Respiratory Rate Prediction Algorithm based on Pulse Oximeter


Cetinkaya N., Turhan S. N., PINARER Ö.

2021 IEEE International Conference on Big Data, Big Data 2021, Virtual, Online, United States Of America, 15 - 18 December 2021, pp.4652-4658 identifier identifier

  • Publication Type: Conference Paper / Full Text
  • Doi Number: 10.1109/bigdata52589.2021.9671288
  • City: Virtual, Online
  • Country: United States Of America
  • Page Numbers: pp.4652-4658
  • Keywords: Respiratory Rate, Supervised Machine Learning, Photoplethysmogram, Electrocardiyogram, EXTRACTION, RESOURCE
  • Galatasaray University Affiliated: Yes

Abstract

© 2021 IEEE.Respiratory rate (RR) is a physiological parameter typically used to monitor patient status in clinical settings.
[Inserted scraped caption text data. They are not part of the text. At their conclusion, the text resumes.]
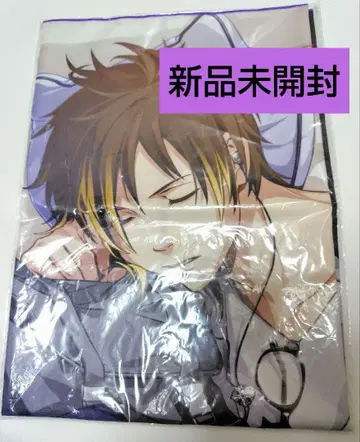 두근두근 레스토랑 토키레스 빅 천 포스터 카미사키 토오루 X.I.P.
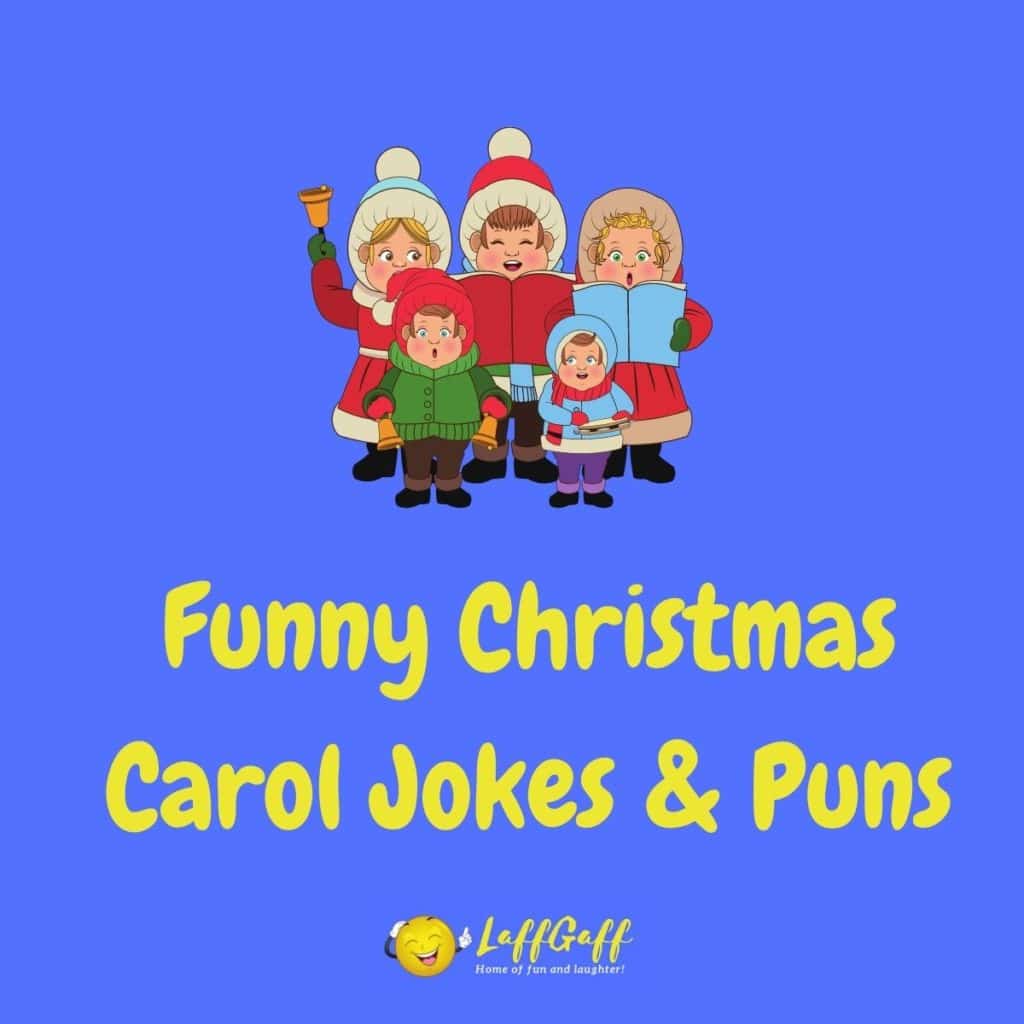 15+ Hilarious Advent Calendar Jokes And Puns! | LaffGaff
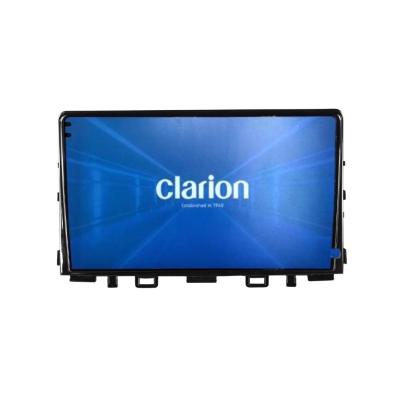 Kia Rio Android Multimedya Sistemi 4-64 Clarion (2019-2021)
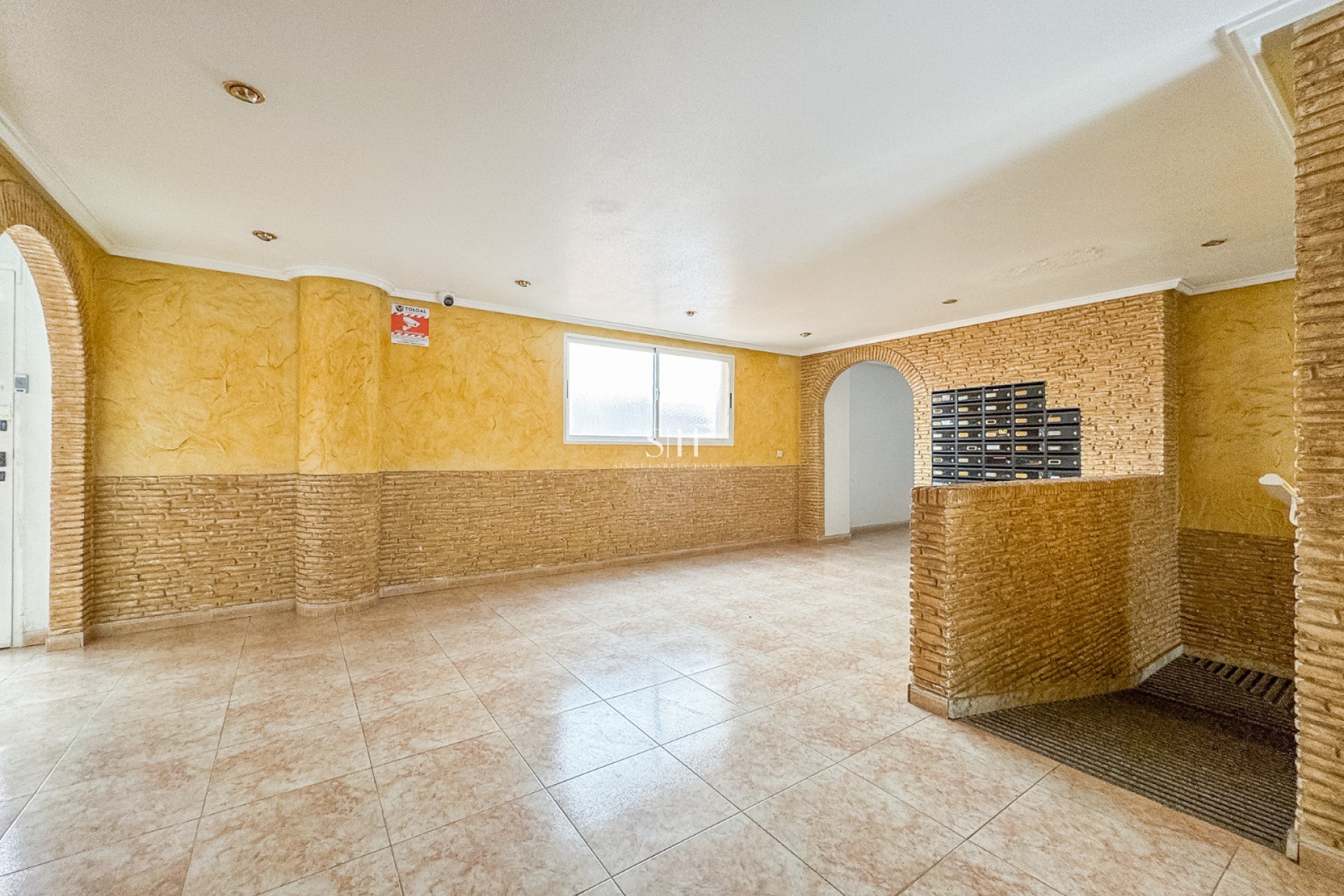 Reventa - Apartamento / piso - Torrevieja - El Molino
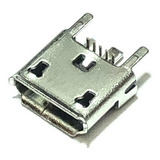 Pin De Carga Puerto Vertical Micro Usb Gps Garmin  - Nuñez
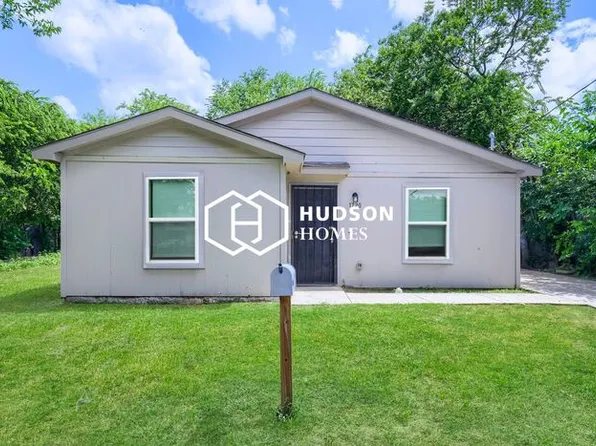 1720 San Patricio St, San Antonio, TX 78207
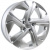 RST R048 7x18 5*114.3 ET35 DIA66.1 Silver Литой RST R048 7x18 5*114.3 ET35 DIA66.1 Silver Литой
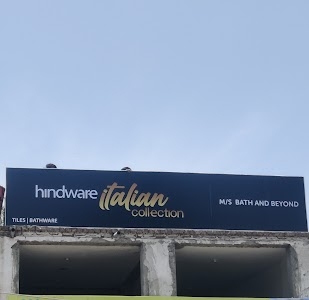 Hindware Bath and Beyond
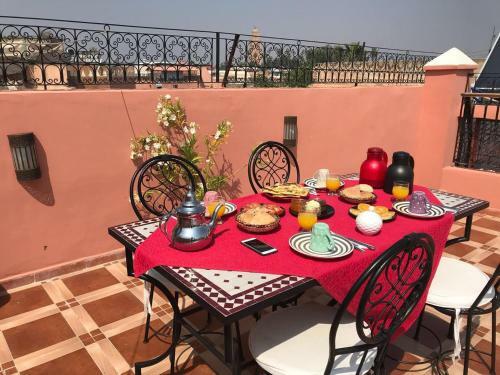 Albergue Amour D'auberge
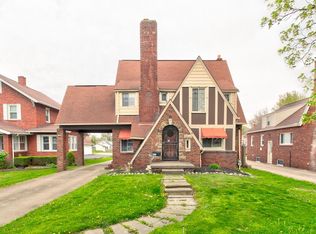 411 Scholl Rd, Mansfield, OH 44907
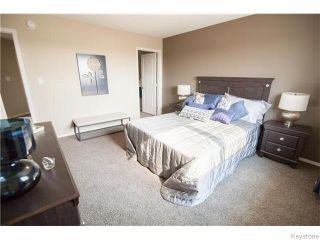 Photo 11: 223 Castlebury Meadows Drive in WINNIPEG: Maples / Tyndall Park Residential for sale (North West Winnipeg)  : MLS®# 1526899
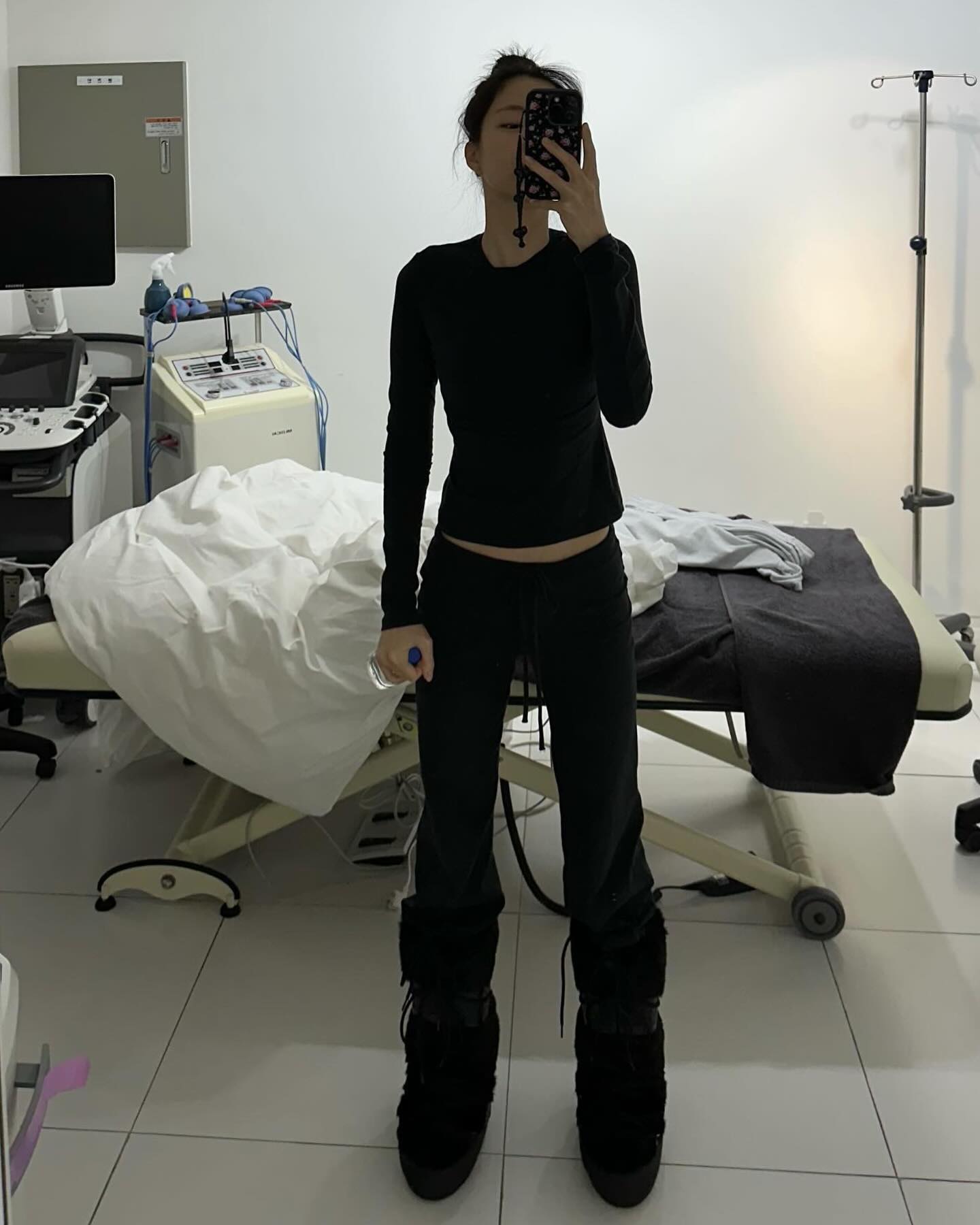 손나은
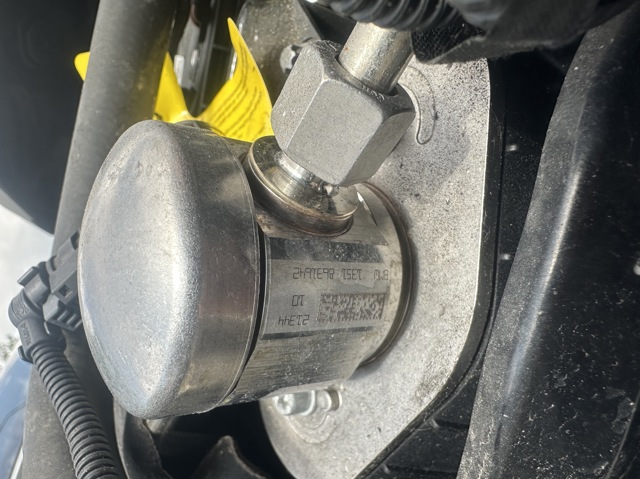 ПНВТ 13518631642 BMW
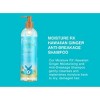 Mielle Moisture RX, Moisturizing And Anti-Breakage Shampoo, Hawaiian Ginger, 12 fl oz (355 ml) - 3 of 3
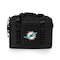 Picnic Time Family Of Brands NFL Miami Dolphins - Tarana Superthick Recycled Cooler - 24 can 630-36-179-174-2 - alternate 1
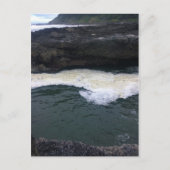 Cape Perpetua, oregonkust Briefkaart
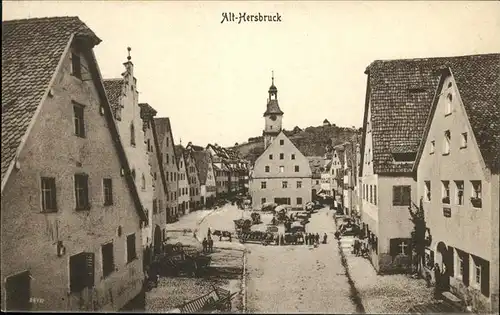 Hersbruck 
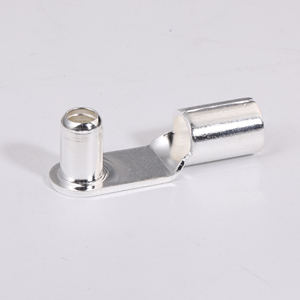 Thuận tiện sạc ô tô ccs2 Cáp giả đầu vào ổ cắm mới nâng cấp trang bị thêm 8mm cắm ổ cắm cho dễ dàng EV kết nối - Product Image 1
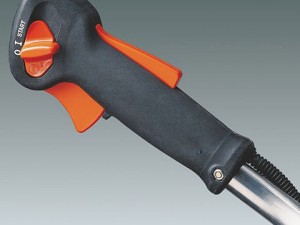 Кусторез бензиновый Stihl FS 450K - фото 3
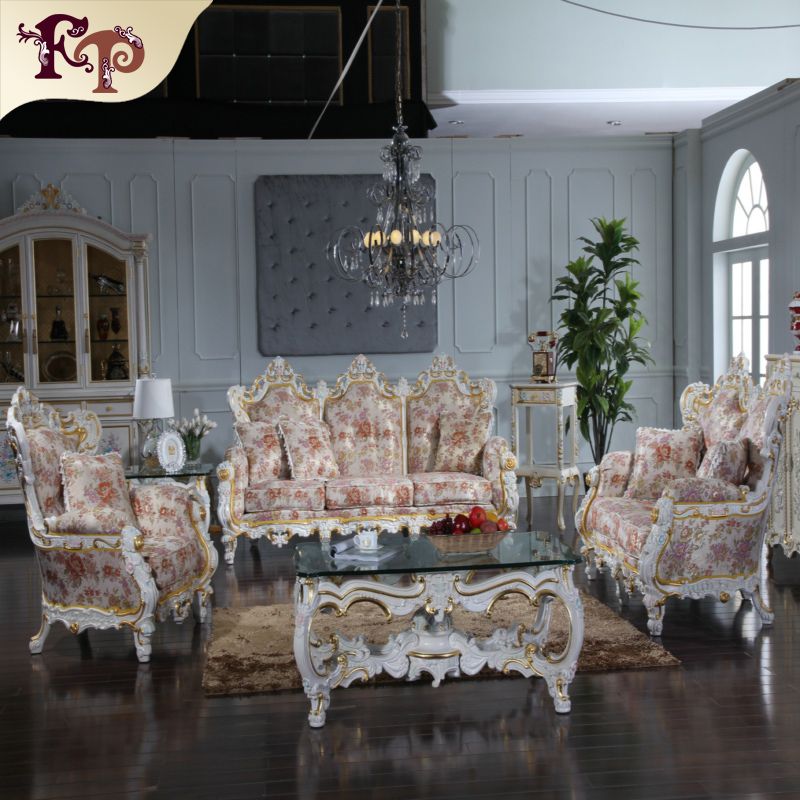 2019 Royalty Classic Sofa Set Rococo Style Classic Living Room Set European Classic Furniture Sofa Set From Fpfurniturecn 2536 69 Dhgate Com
The goal of the Respiratory Rate Prediction Project is to use supervised machine learning techniques to estimate a person's respiratory rate using real-time, continuous Photoplethysmogram (PPG) and Electrocardiogram (ECG) and oximeter data. In addition, it is also our goal to investigate the feasibility of using such data to improve diagnostic processes in healthcare. It consists of a series of studies of different algorithms for respiratory rate estimation from clinical data and is complemented by the provision of publicly available datasets and resources.